This study had three main aims. First, we investigated between-observer variability and observers' own estimates of their certainty in tracing nerve fiber bundles from visual field locations to the optic nerve head in retinal images. Second, we investigated within-observer repeatability in the same task. Third, we compared the output from our previously published computational model ^9,14 that produces anatomically-customized structure–function maps to the maps produced by the hand-tracing method, taking into account variability and conviction in tracing. 

This study was approved by the research ethics committees of Kinki University Faculty of Medicine and The University of Melbourne. All subjects and observers gave written informed consent to take part, and the study adhered to the tenets of the Declaration of Helsinki. 

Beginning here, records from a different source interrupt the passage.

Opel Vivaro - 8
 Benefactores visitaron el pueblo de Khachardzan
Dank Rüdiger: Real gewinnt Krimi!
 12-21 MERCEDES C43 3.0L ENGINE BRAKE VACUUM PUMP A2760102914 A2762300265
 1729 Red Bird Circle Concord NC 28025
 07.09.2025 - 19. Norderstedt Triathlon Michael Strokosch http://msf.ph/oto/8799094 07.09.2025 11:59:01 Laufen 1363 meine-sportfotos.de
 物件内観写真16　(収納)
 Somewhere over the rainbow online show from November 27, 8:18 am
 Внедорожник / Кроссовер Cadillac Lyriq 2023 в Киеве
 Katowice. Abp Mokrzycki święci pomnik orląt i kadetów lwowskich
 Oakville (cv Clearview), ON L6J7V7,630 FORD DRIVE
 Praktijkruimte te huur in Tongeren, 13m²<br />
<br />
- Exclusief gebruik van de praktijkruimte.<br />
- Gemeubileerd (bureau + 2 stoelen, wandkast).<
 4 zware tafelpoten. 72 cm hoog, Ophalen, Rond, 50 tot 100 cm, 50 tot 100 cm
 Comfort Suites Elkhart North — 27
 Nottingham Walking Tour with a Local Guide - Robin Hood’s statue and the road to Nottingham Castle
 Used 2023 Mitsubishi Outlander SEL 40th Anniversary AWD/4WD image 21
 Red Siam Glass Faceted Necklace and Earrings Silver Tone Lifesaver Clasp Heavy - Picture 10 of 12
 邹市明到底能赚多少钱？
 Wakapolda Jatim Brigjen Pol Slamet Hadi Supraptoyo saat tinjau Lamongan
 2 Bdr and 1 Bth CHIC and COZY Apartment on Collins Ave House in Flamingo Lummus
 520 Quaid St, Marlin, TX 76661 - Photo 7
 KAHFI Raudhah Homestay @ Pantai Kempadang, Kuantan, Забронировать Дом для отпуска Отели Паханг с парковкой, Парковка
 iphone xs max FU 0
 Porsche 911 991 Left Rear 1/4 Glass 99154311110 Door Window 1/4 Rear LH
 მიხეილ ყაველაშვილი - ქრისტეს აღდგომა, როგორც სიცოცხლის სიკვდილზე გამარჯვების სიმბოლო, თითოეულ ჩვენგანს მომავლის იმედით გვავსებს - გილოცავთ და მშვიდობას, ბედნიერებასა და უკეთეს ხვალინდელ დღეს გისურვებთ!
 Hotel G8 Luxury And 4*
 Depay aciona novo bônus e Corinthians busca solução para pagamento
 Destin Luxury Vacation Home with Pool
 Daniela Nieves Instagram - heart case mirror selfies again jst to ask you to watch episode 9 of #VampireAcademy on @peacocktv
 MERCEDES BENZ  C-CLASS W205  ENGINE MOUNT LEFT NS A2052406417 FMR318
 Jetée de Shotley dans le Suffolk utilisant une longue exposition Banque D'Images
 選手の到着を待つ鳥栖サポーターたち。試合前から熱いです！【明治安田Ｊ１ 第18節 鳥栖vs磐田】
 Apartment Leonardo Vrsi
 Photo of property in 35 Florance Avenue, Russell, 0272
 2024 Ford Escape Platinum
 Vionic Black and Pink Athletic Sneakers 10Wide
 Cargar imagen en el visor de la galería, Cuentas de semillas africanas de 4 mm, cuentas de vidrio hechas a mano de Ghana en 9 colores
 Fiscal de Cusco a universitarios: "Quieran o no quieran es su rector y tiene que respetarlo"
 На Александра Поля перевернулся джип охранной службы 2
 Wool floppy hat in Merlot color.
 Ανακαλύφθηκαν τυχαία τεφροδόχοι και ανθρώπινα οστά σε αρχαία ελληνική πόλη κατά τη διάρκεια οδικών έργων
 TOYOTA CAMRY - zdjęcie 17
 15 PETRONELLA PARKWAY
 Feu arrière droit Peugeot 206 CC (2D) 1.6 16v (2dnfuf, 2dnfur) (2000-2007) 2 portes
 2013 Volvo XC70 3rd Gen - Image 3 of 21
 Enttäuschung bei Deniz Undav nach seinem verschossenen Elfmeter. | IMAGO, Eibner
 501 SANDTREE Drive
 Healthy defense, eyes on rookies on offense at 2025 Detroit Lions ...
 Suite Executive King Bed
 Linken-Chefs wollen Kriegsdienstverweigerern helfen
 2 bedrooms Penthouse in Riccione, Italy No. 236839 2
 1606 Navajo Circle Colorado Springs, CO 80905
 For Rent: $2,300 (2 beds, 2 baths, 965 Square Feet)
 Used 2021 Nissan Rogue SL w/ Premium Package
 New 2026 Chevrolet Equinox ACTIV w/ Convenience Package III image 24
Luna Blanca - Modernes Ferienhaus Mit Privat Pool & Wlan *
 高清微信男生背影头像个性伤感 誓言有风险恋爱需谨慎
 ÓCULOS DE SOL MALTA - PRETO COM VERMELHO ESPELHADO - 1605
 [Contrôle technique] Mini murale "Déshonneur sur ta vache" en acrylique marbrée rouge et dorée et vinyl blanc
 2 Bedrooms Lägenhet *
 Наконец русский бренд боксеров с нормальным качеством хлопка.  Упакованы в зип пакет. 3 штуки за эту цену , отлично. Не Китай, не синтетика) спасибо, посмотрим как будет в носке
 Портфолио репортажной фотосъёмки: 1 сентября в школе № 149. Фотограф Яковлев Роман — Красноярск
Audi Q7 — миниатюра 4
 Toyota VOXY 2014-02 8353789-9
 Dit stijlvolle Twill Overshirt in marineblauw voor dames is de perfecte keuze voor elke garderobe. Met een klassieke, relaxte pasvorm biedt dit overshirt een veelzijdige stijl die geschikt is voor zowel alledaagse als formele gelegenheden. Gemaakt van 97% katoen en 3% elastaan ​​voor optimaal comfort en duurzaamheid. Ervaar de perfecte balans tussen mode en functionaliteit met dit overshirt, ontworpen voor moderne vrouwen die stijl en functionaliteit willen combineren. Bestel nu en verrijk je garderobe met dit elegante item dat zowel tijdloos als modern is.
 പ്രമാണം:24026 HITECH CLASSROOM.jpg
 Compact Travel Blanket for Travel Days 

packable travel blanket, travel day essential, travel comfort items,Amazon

Subjects for imaging (n = 32) were recruited from the Department of Ophthalmology, Kinki University, Osaka, Japan, for another study. All subjects were free from eye disease, and had clinically normal retinal and optic nerve head appearance judged by slit-lamp examination by an ophthalmologist, clear ocular media, circumpapillary retinal nerve fiber layer thickness within normal limits (Cirrus; Carl Zeiss Meditec, Dublin, CA), Snellen visual acuity 6/7.5 or better, and no history of ocular surgery. Where both eyes of a subject were eligible, one was selected at random. As part of the other study, subjects underwent retinal photography, scanning laser ophthalmoscopy (F10, 490 nm diode laser; Nidek, Gamagon, Japan) and blind spot mapping using a custom perimetric test (Octopus 900, suprathreshold Goldmann I stimulus presented on a 1° grid of dimensions 13° × 11° centered on the blind spot; Haag-Streit, Köniz, Switzerland). Throughout imaging and blind spot mapping, head position and tilt were controlled using a custom-molded face mask fixed to the chin/forehead rest of the instrument. Scanning laser ophthalmoscope images (1280 × 960 pixels, 40° × 30° field of view) were averaged using a software tracking method (RegiStax 4.0, available in the public domain at http://www.astronomie.be/registax/about.html and overlaid on the retinal photographs to create composite RNFB images. The perimetrically-mapped blind spot and fixation locations then were used to align and overlay the 24-2 visual field pattern onto the composite images (Fig. 1). Axial length also was measured (IOLMaster; Carl Zeiss Meditec). 

The 32 images were ranked according to image quality (subjective focus, contrast, and alignment) by one author (JD) without reference to the anatomic data, and the best 20 images were selected for further consideration. The cutoff of 20 images, while somewhat arbitrary, enabled the few poor quality images in the dataset to be excluded without being too restrictive on the available anatomic parameters. To keep the tracing task manageable for the observers and, thus, ensure good quality data, we chose to restrict the image set further to 10 images. The optic nerve head positions relative to the fovea and axial lengths for the 20 images were plotted, and the final 10 images were selected to represent a variety of optic nerve head positions and axial lengths. None of the images featured tilted discs or extensive areas of peripapillary atrophy, and no other anatomic features (e.g., blood vessel locations) were considered in the selection of images. Demographic and anatomic information for each of the final 10 subjects is provided in Table 1. A subset of 3 images (B, C, and I) was selected randomly for the repeatability study. 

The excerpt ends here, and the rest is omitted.